On 12/2/05, Tyler Durden <camera_lumina@hotmail.com> wrote:
... Indeed, his focus on P2P architectures would imply that he's largely unaware of May's Crypto Anarchy manifesto, wherein the term "Blacknet" was defined to include information (as this guy seems to understand it) as a mere subset. A blacknet allows for completely anonymous transactions of any form, including monetary.
blacknets don't solve the hard problems related to large scale anonymous digital cash, mainly identity management and strong reputation metrics. (s/digital cash/non trivial resource exchange/g) darknets, as the abused term appears to be currently employed, place an emphasis on friendship as a trust/reputation metric and associate that trusted channel with copyrighted content distribution. (even though, as zooko pointed out, the original microsoft paper describing darknets put more emphasis on the opaque nature of the overlay / private traffic and gave little attention to the friend to friend aspect of introduction / networking)
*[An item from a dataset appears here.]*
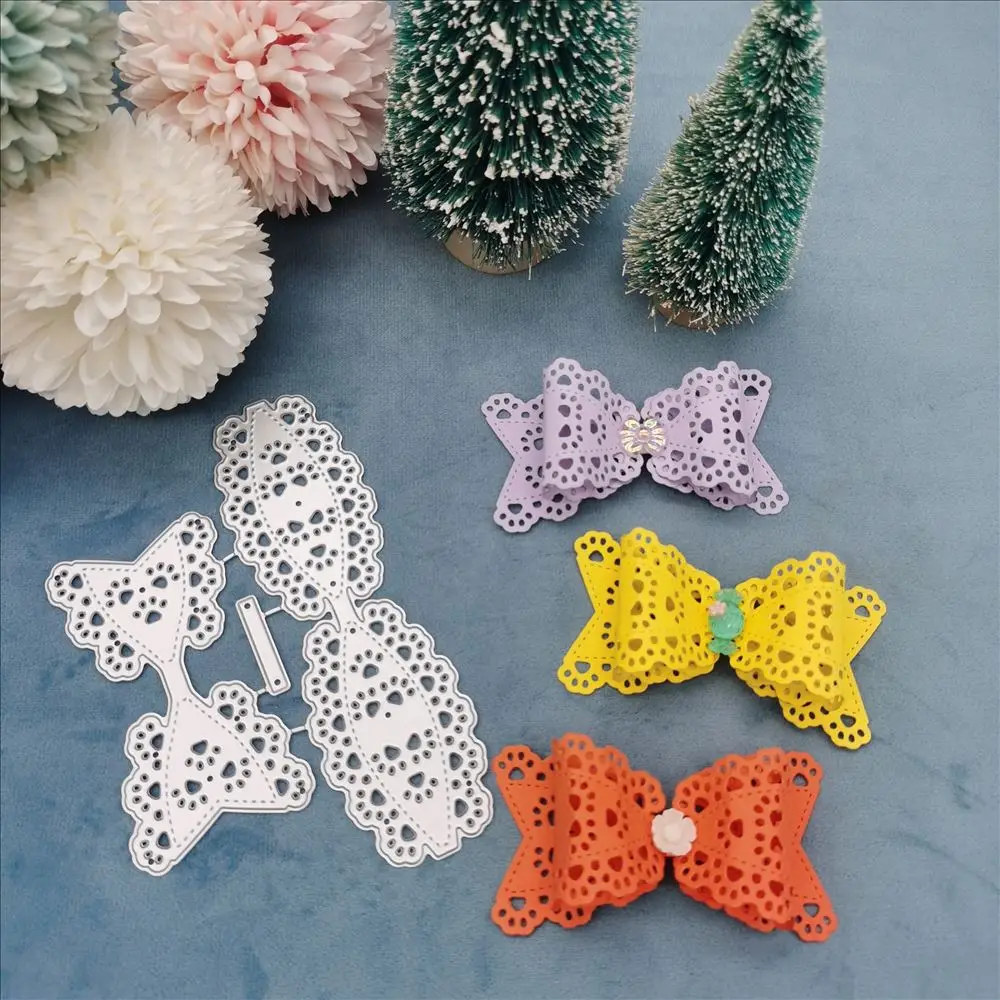 openwork bow dies New 2022 Metal Cutting Dies For DIY Scrapbooking Card Album Photo Decoration Embossing Folder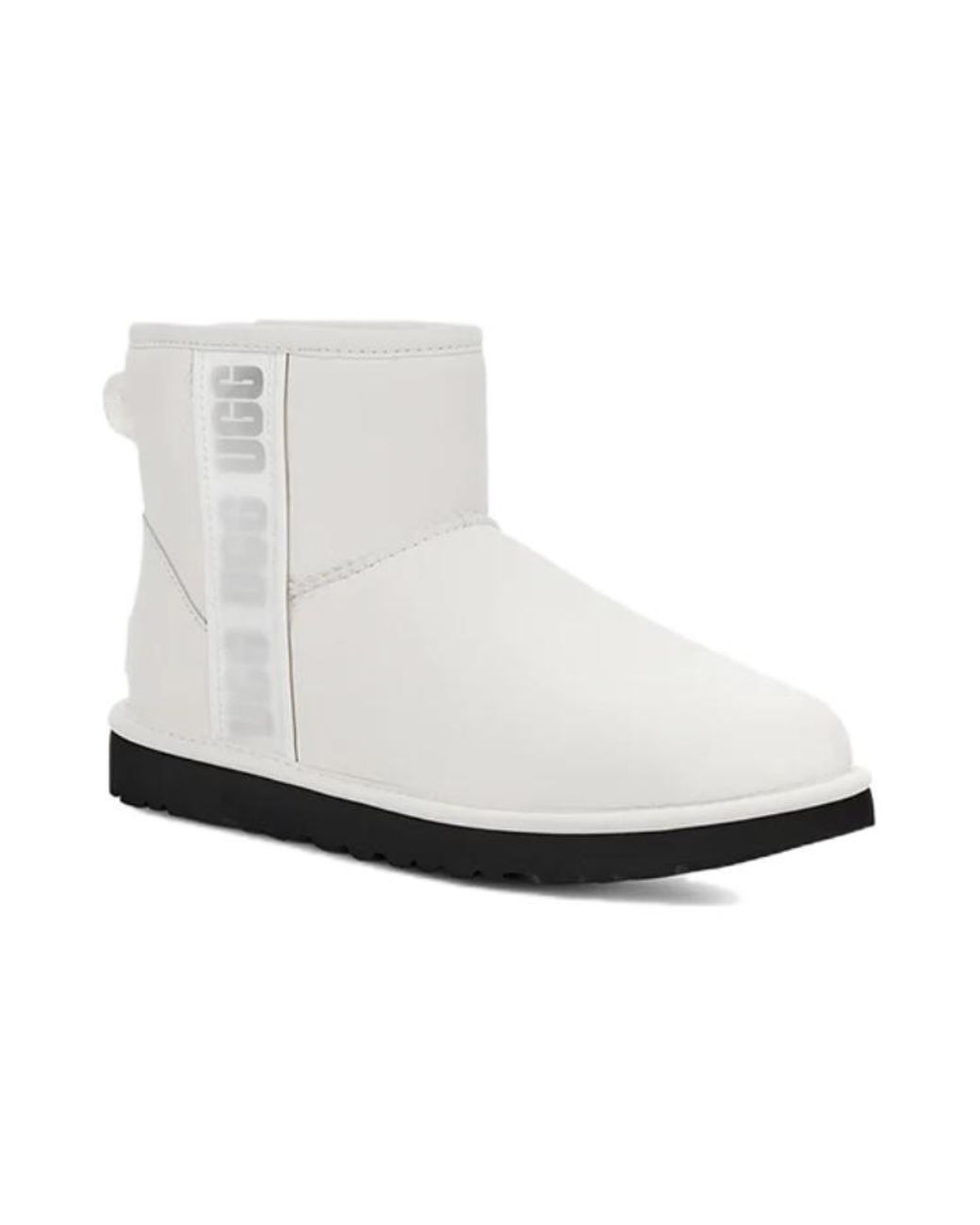 Ugg White (Wmns) Classic Mini Side Logo Boot 'Ultra Matte'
This knucklehead seems to want to define "black" and "dark" in terms of some perceived scale of illegality, whereas even in Microsoft's case the term "darknet" was not developed for that purpose.* A "darknet" may include the possibility of no anomymity between pairs or groups of transactors, though the identities (as well as the transactions) are effecitvely "black" to the outside world. The term "darknet" is therefore often equated with P2P/F2F architectures, but those are obviously only one set of instantiations of a "darknet".
agreed. i'm even more convinced these terms are essentially worthless as anything more descriptive than "a private network of some type".
*: Am I wrong in assuming that Microsoft's own usage of the term "darknet" derives largely from the term "blacknet" which may had coined?
embrace and extend the namespace!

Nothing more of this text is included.